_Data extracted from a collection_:
▽
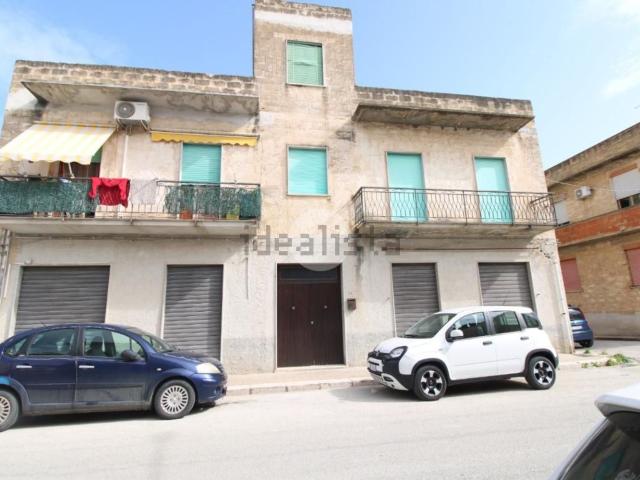 Appartamento in vendita a Paceco, Trapani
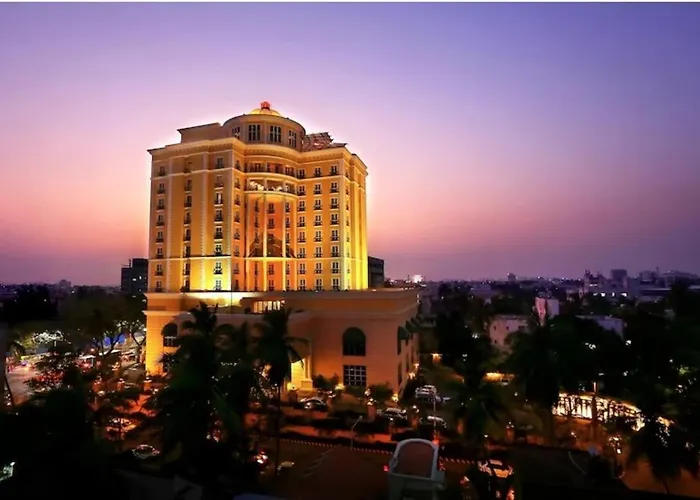 Design hotel Residency Towers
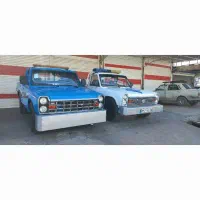 نیسان یدک کش آبی|خودرو سواری و وانت|دزفول, |دیوار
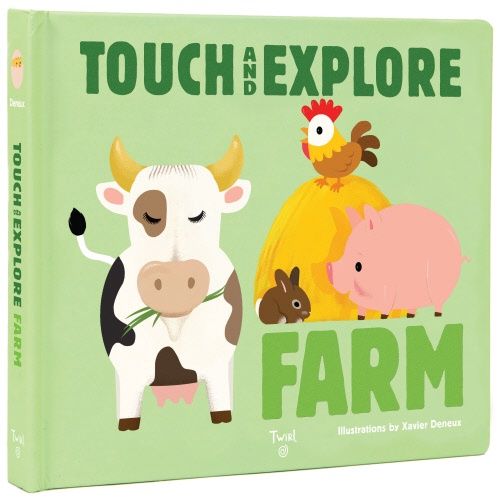 Farm (Touch and Explore)
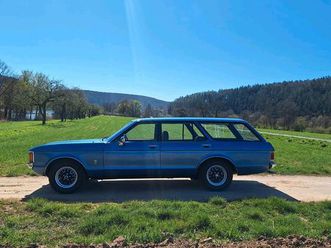 ford granada 1977 mk1 tunier oldtimer kombi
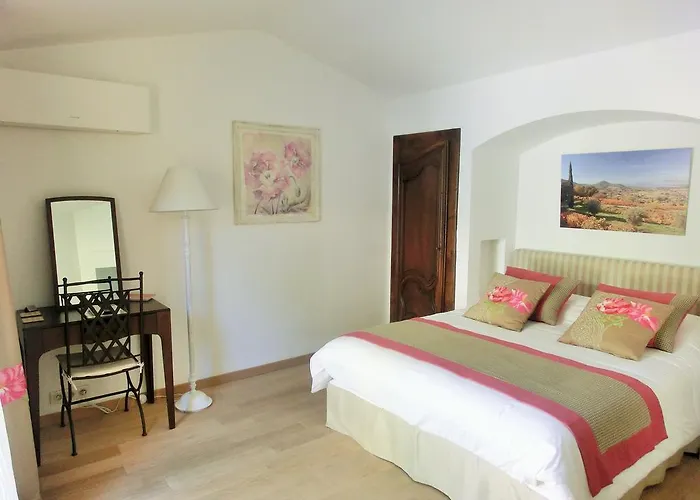 Nocleg ze śniadaniem Azur Golf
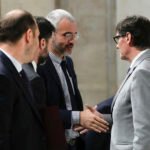 Los empresarios catalanes chocan con Gobierno, Aena y la Generalitat por la gestión del aeropuerto de El Prat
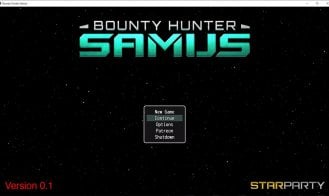 Bounty Hunter Samus Adult Game Screenshots (1)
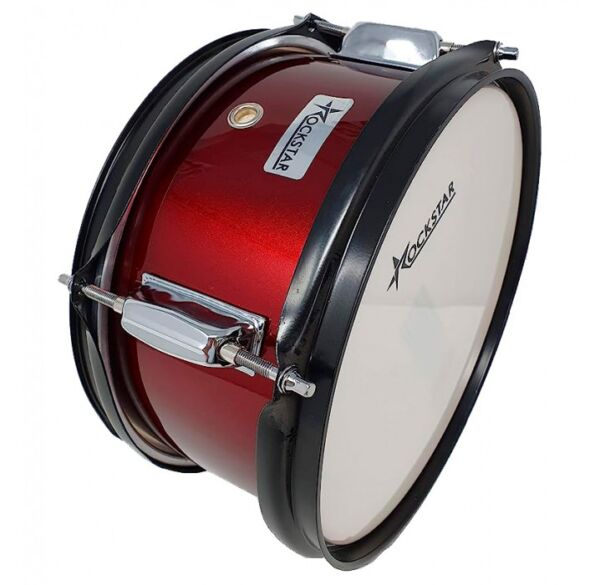 Rockstar JBJ1005-WR Caja banda tambor infantil color rojo vino envío gratis
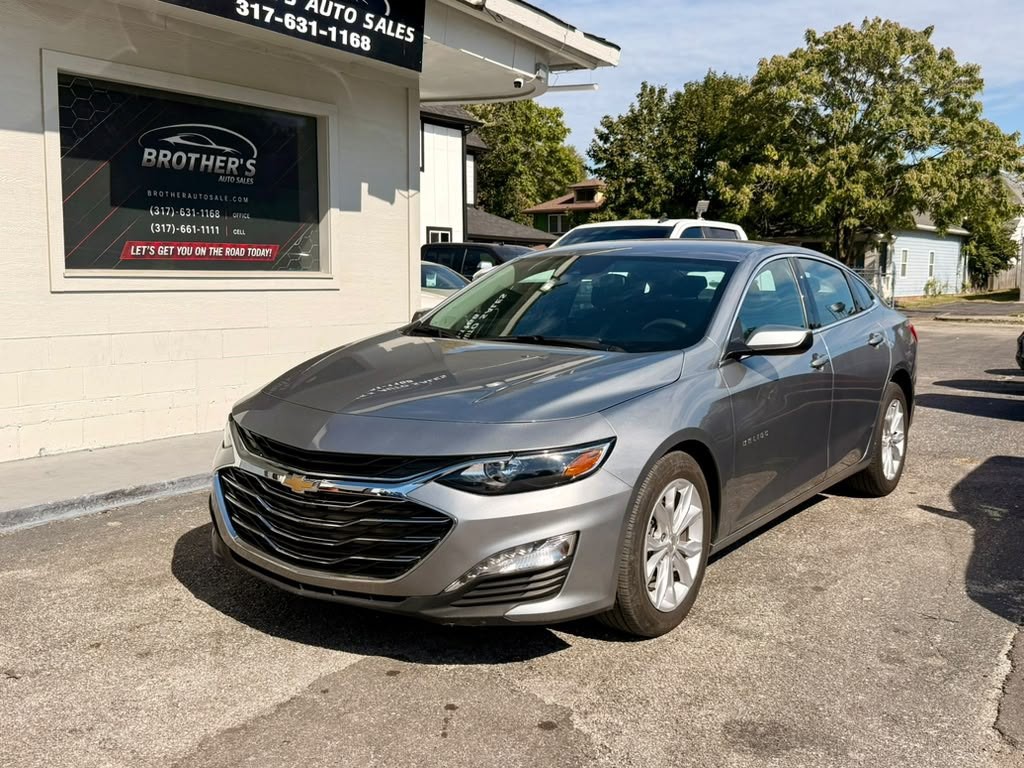 2025 Chevrolet Malibu Image 6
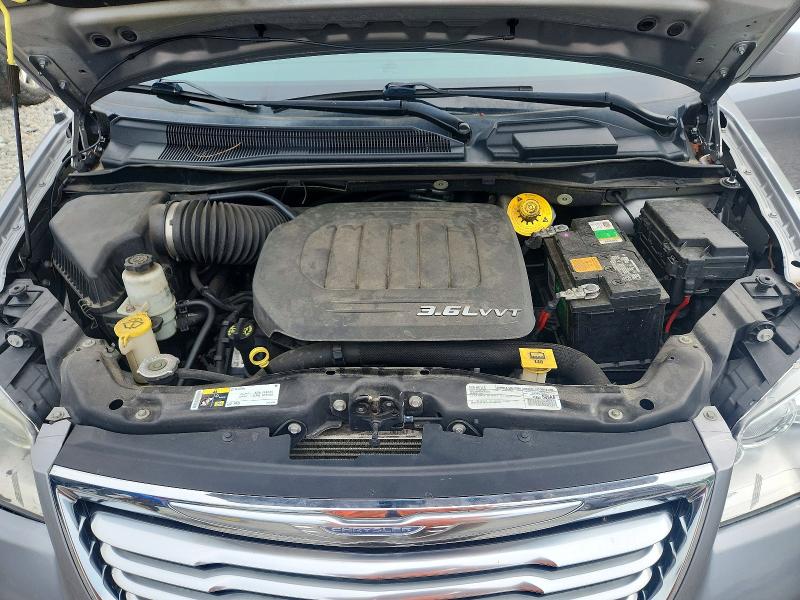 Aukcja sprzedaży 2016 Chrysler Town & Country, vin: 2C4RC1BG9GR113900, numer aukcji: 63929806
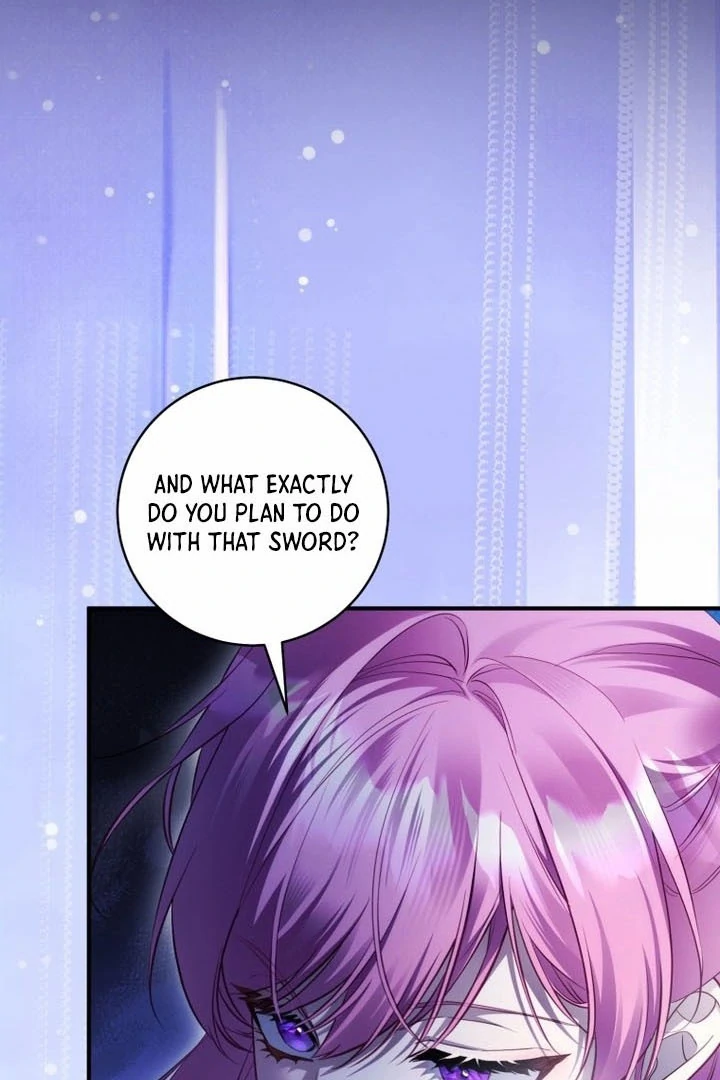 The Flower Who Bears The Sword Chapter 35 - Page 99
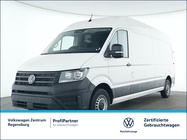 Volkswagen Crafter 2025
△
_WHAT YOU HAVE TO DO_: Set down word for word every line from the line containing "Rockstar JBJ1005-WR Caja" through the last line of the entries, and nothing more; no pictures.

_REPLY_:
 Rockstar JBJ1005-WR Caja banda tambor infantil color rojo vino envío gratis
 2025 Chevrolet Malibu Image 6
 Aukcja sprzedaży 2016 Chrysler Town & Country, vin: 2C4RC1BG9GR113900, numer aukcji: 63929806
 The Flower Who Bears The Sword Chapter 35 - Page 99
 Volkswagen Crafter 2025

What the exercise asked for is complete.